WHAT NEEDS TO BE DONE = Quote the lines below from the one containing "A bathroom with a marble" to the final line, both ends included; exclude the pictures.

INFORMATION SUPPLIED =
::::::::::

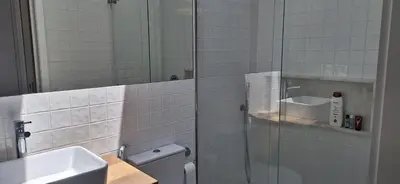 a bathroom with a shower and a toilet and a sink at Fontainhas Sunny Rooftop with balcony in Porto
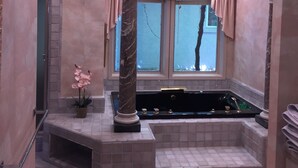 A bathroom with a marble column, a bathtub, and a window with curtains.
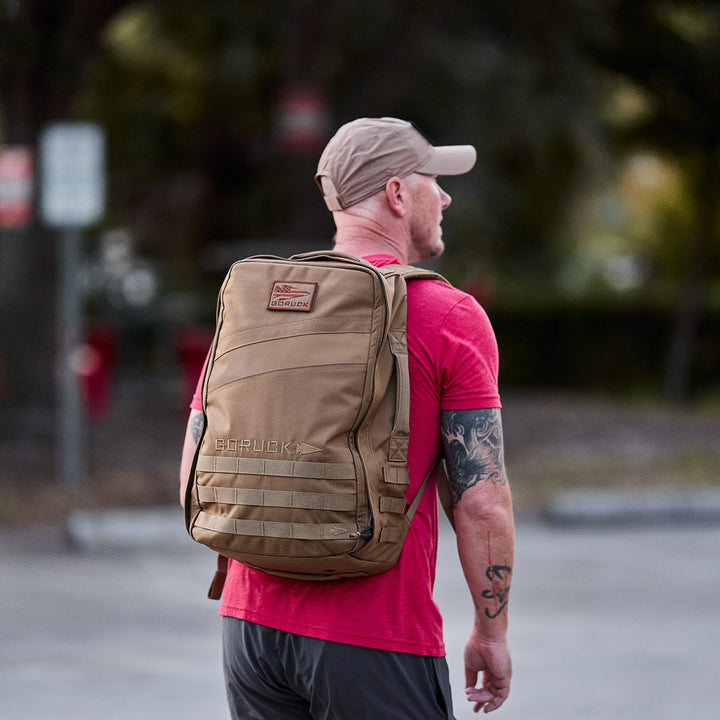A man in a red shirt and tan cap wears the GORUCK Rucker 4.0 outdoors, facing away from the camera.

::::::::::

WRITTEN SOLUTION =
 A bathroom with a marble column, a bathtub, and a window with curtains.
A man in a red shirt and tan cap wears the GORUCK Rucker 4.0 outdoors, facing away from the camera.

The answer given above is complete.